Demarco wasn’t even breathing hard. He spun toward the last man, his back now against the SUV. He was so calm, so fast, that he actually had to wait a beat for the man to finish turning toward him, and then Demarco slashed his blade down on the man’s gun hand, cutting all the tendons running along the wrist to the thumb. Followed by a fast uppercut with the galvanized pipe that shattered the man’s left mandible, knocking him unconscious. He fell in a heap, his gun hand useless.

The gunfire had stopped almost as suddenly as it had started.

Manny Guzman smiled.

He stood up, holding the Mason jar filled with homemade napalm, the soaked piece of dish towel burning and smoking.

He stepped out from behind the light pole and stepped toward the SUV, taking no chance that he would be throwing it from too far away. But Manny had forgotten about the driver. He had apparently followed orders by staying in the SUV, but now that he saw Manny approaching with a flaming bomb of some sort, he jumped out onto the street, gun in his hand.

He took aim.

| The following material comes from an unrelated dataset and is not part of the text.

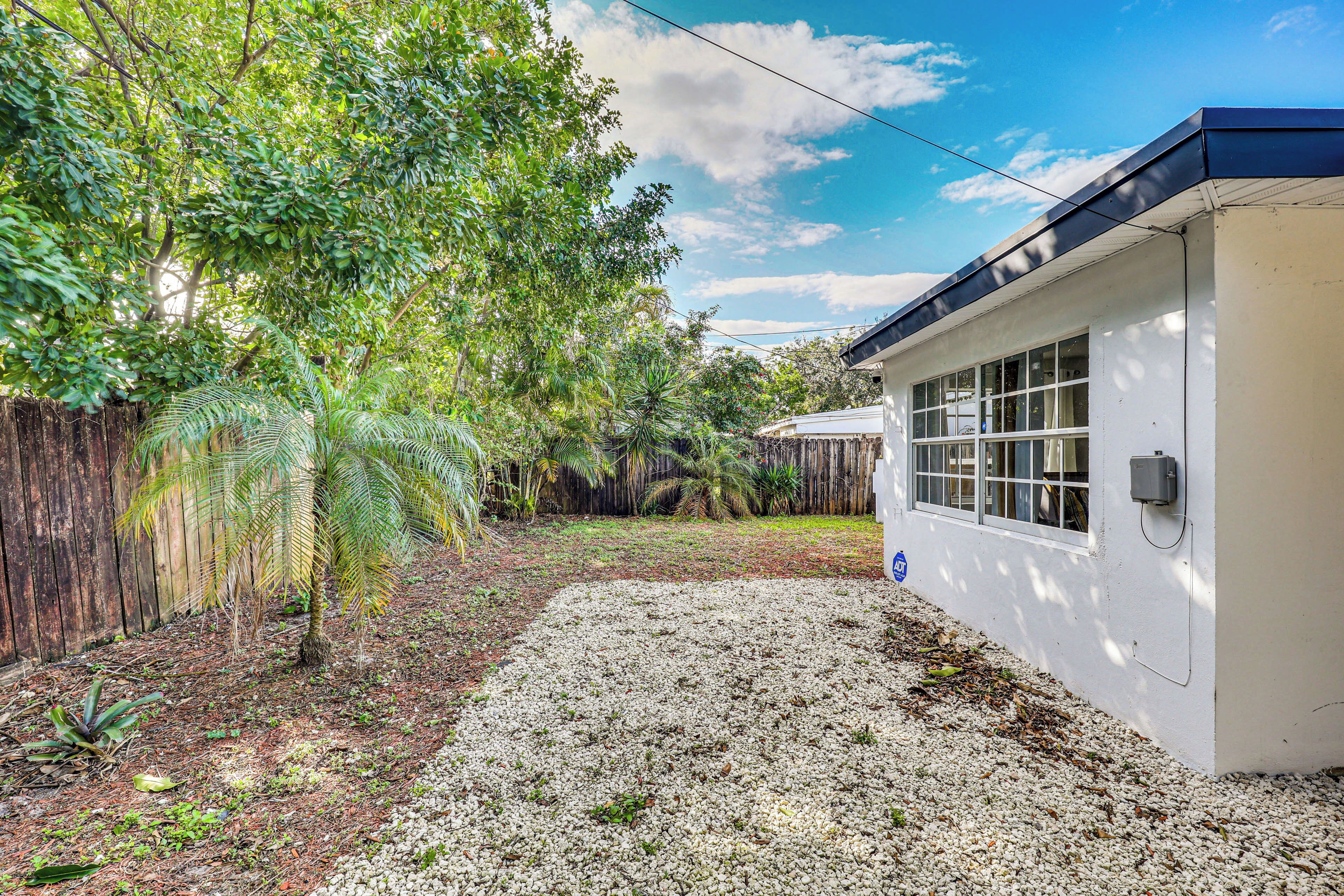 A building with a white exterior, a gravel driveway, and a wooden fence.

Manny overhanded the jar like a major league pitcher. The driver fired. Manny threw. Bullet versus firebomb.

The momentum of Manny’s throw pulled him down low. The bullet missed his chest, but caught him on the top of his right shoulder, gouging out a trail of flesh and blasting through the top tip of his clavicle.

The jar shattered. The homemade napalm splattered into the gasoline. The driver pulled off a panicked second shot, but Demarco Jones had already thrown his iron pipe. It smashed into the driver’s back. The shot went wide. A soft whump sounded and everything burst into a roaring black inferno of flames.

*

Stepanovich’s men were caught between two impulses.

Shoot back at whoever had shot up their SUV. Or, keep running through the lot to get into position behind Beck’s building to intercept anybody fleeing the flames clearly visible on Conover Street.

Stepanovich stood near the middle of the lot, about twenty yards back from Beck’s building, yelling orders.

Beck moved closer to the gate now, to keep his eye on what Stepanovich and his men were doing.

His original plan had depended on the cops being in the neighborhood by now, responding to gunshots, while Manny, Ciro, Demarco, and Joey got the hell out of the area.

He looked across the street to make sure that the Porsche was moving. It was. Ciro and Joey B were driving out of the lot to swing around to get Manny, who should be running as fast as his old legs would carry him into the empty industrial lot opposite Beck’s building where Ciro and Joey would pick him up.